第九話 勇者の交渉術
「お前ら、本当にあれこれと手が掛かるなあ……」
俺をお姫様だっこで持ち上げて飛んでいるルルが面倒そうに言う。
ま、人間は飛べないものね。
他の者も、ルルが仲間を呼んで、一人一人抱き上げて運んでくれている。
竜人族は楽々持ち上げているが、筋力もかなりあるようだ。
「申し訳ないっす。あと、落とさないように、一つ」
割と高所恐怖症の俺は、小声で言う。
「わーってるっての。でも、空も飛べないなんて、生きてて人生、楽しいか?」
「まあ、それなりに」
幼女がいれば生きていける気がする。
「ふーん。ほれ、あそこが頭領の館だ。っていうか、アタシの家なんだけどな」
「んん? ルルさんは頭領の娘さんで?」
「そうだよ。三人姉妹の真ん中だ」
「へえ。竜人族って結構、子沢山なんですね」
長寿と聞いたが、結構な人口がいるのかな。
「違う違う。人族と違って滅多に生まれないから、全員養子なんだよ」
「ああ、そうでしたか」
「子供もほとんどいなくて、爺婆ばっかりだぜ、嫌になる」
少子高齢化かぁ。竜人族も大変そうだな。
「ルル! その者達はなんですか?」
下から砦の一番高い場所に陣取っていた竜人が聞いてきた。白いぱっつん前髪だ。爺婆ばっかりとルルは言ったが、まだ若い竜人のようだ。
あと白のレオタード、うん、個人的に気に入った。
「ああ、姉者、こいつら、貢ぎ物を持って来たそうだ。肉だぞ!」
「……そうですか。使者よ、帰るまで武器はこちらで預からせてもらうが、構わないな?」
その問いにリリーシュが頷く。彼女はお姫様だっこはよしとせず、片手だけで引っ張ってもらっていた。
「ええ、構わないわ。戦いに来たわけでも無いもの。その代わり、きちんと帰るまで使者としての待遇を要求します」
「ふん、人間風情が一人前の小賢しい口を利く。我々はお前達と違って文明人で、礼儀も心得た一族だからな。余計な心配はするな」
そう言ってる割に、言葉の端々に見下してる感があるから心配なんだよなあ。
「よし、着いたぞ」
「どうも」
ようやく自分の足で立ってほっとする。
砦は丸太を組み上げて板張りにしているようだが、ラドニール王国より技術は数段、劣っているようだ。
これで文明人ねえ?
ま、その辺は彼らのプライドだろうから、あまりつつかないようにしよう。
「我らが頭領がお会いになるそうだ。くれぐれも粗相の無いようにな。それと、靴はそこで脱げ」
先程の白いレオタードの竜人が言い、奥の間に通された。そこには竜人達が円を描くような配置で床に座り、全員あぐらだ。
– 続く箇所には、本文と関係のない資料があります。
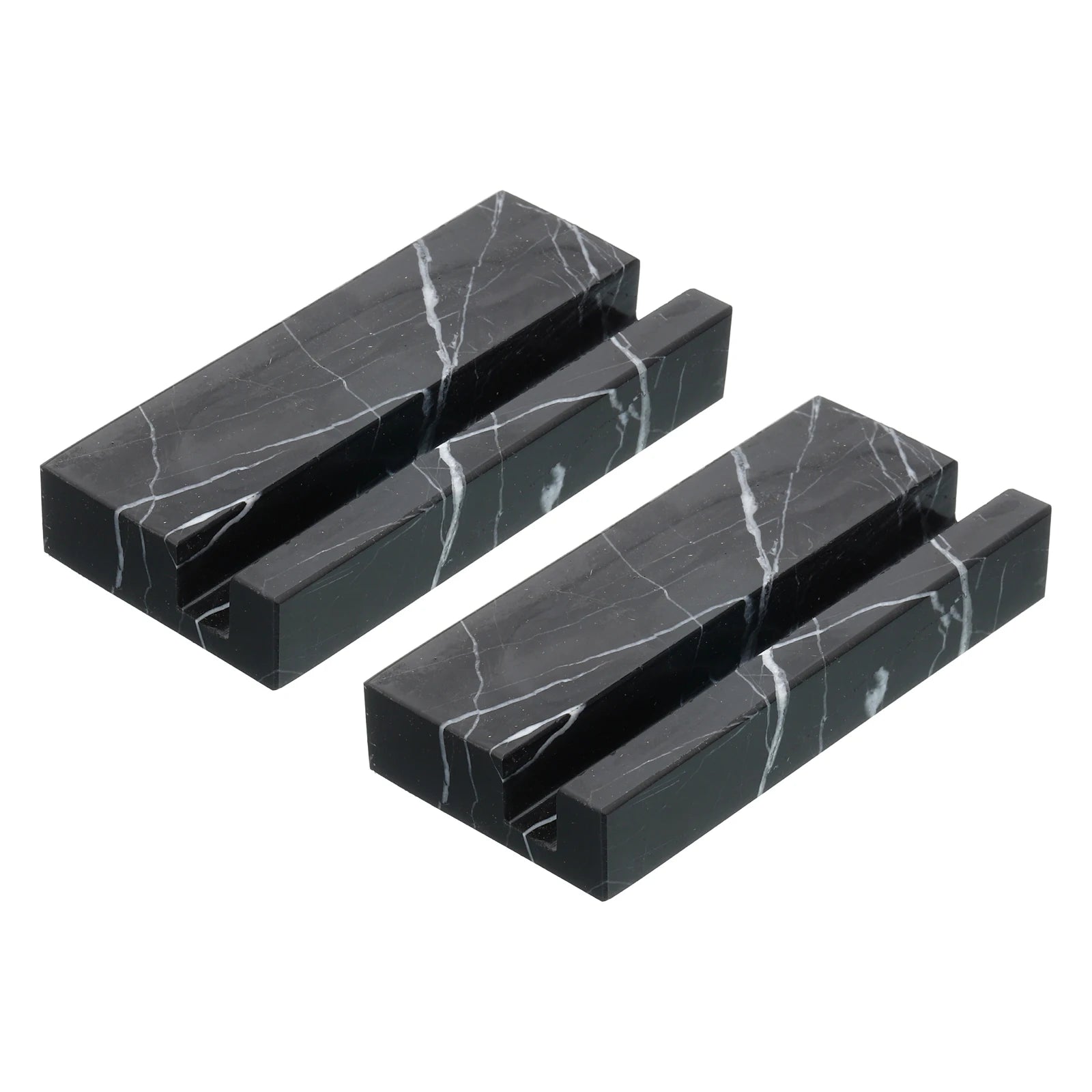 1/2Pcs Business Card Holder for Desk Marble Business Card Holders Stone Card Stand Organizer Cards Display for Office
その一番奥に頭領らしき大男の竜人が座っていた。白髪交じりの黒髪をオールバックにした鎧武者だ。
俺達はその輪の中心に並んで同じようにあぐらで座り、まずは一礼をする。
竜人族の室内における礼とは、あぐらで座り両手の拳を床に突いたままで頭を下げるとのことで、これはルルにお姫様だっこしてもらう前に教わった。
「む、人族にしてはまともな奴」
「左様、挨拶ができるとはな」
彼らは保守的で伝統を重んじると書物で読んでいたので、彼らの流儀で挨拶するのは非常に重要なことだった。
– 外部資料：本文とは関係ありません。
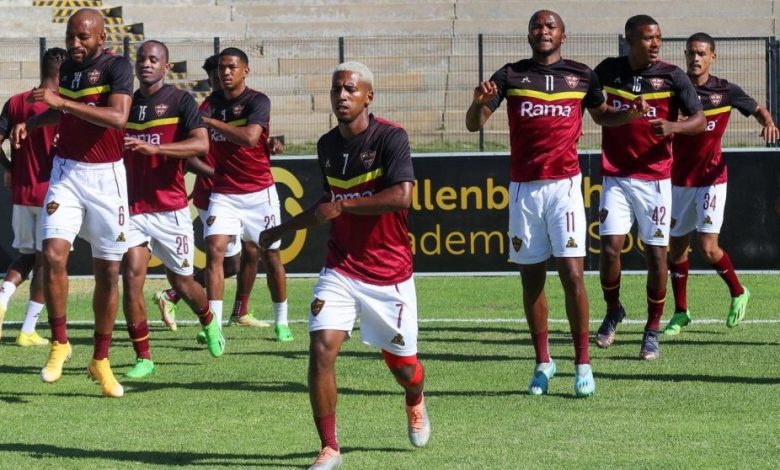 Stellenbosch FC players doing warm-ups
覚えるまでしつこくルルに確認して彼女をちょっとキレさせてしまったが、その甲斐はあったようだ。
「うむ、頭を上げよ」
「ははっ」
「我がこの辺り一帯の竜人の頭領、ダーンと申す」
「私はラドニール王国、第二王女のリリーシュ=メリグ=マケドーシュと申します。お目通りが叶い、恐悦至極」
「うむ。此度は貢ぎ物を持って来たという話であったが」
「は、こちらに。我が国王より、皆様への親善の品でございます」
リリーシュが言い、ロークが背負い袋をそのまま差し出す。
一人の竜人の男が立ち上がって、それを開けると、周りから声が上がった。
「ほう、すべて干し肉か!」
「おお、結構な量ではないか」
「ラドニールの頭領もなかなかに話の分かる奴」
好印象だ。
だが、まだ会談は始まったばかり、ここからが本番だ。
「あい分かった。ラドニールからの貢ぎ物、大儀であった。国王によろしく伝えよ」
「ははっ」
「では、喉も渇いたであろう。茶を飲んで帰ると良い。振る舞ってやれ」
「おお、茶でござるか」
「人族に茶などと」
「客として扱うとおっしゃるか」
「しかし、肉をもらって何も振る舞わぬというのも非礼であろう」
「これも返礼というもの、さすがはお館様、礼儀を心得ていらっしゃる」
周囲の竜人達が少し騒いだが、ここで茶がもらえるって結構ランクが上なのかね? そこまではルルに聞いていないのでよく分からないな。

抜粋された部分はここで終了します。